◆ Directions for this task ◆
Without its pictures, the listing below is to be transcribed exactly.

-*-

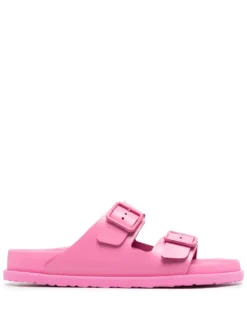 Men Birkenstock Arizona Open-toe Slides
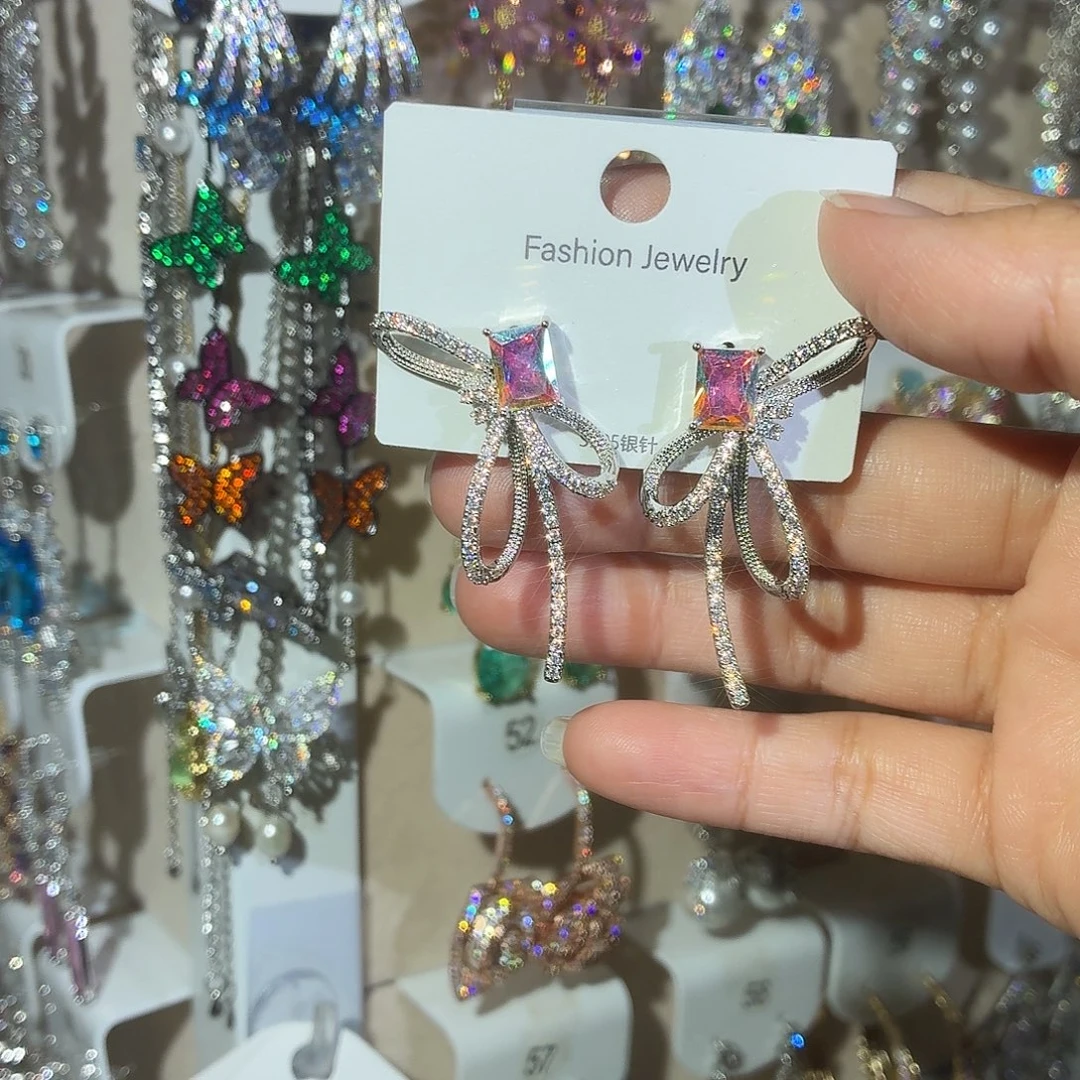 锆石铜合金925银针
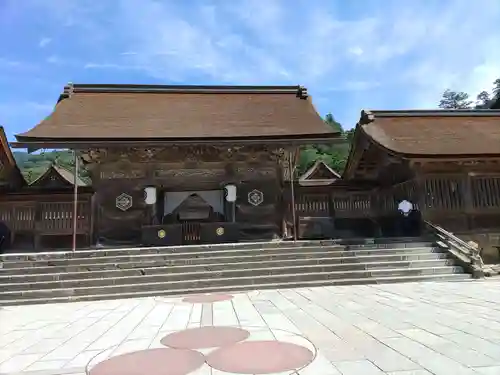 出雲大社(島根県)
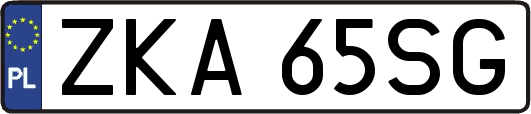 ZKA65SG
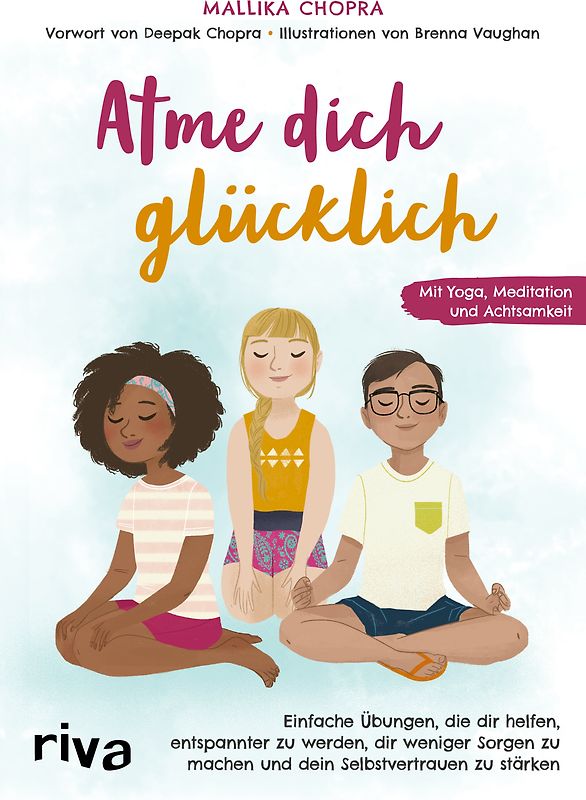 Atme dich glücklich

-*-

◆ Answer box ◆
 Men Birkenstock Arizona Open-toe Slides
 锆石铜合金925银针
 出雲大社(島根県)
 ZKA65SG
 Atme dich glücklich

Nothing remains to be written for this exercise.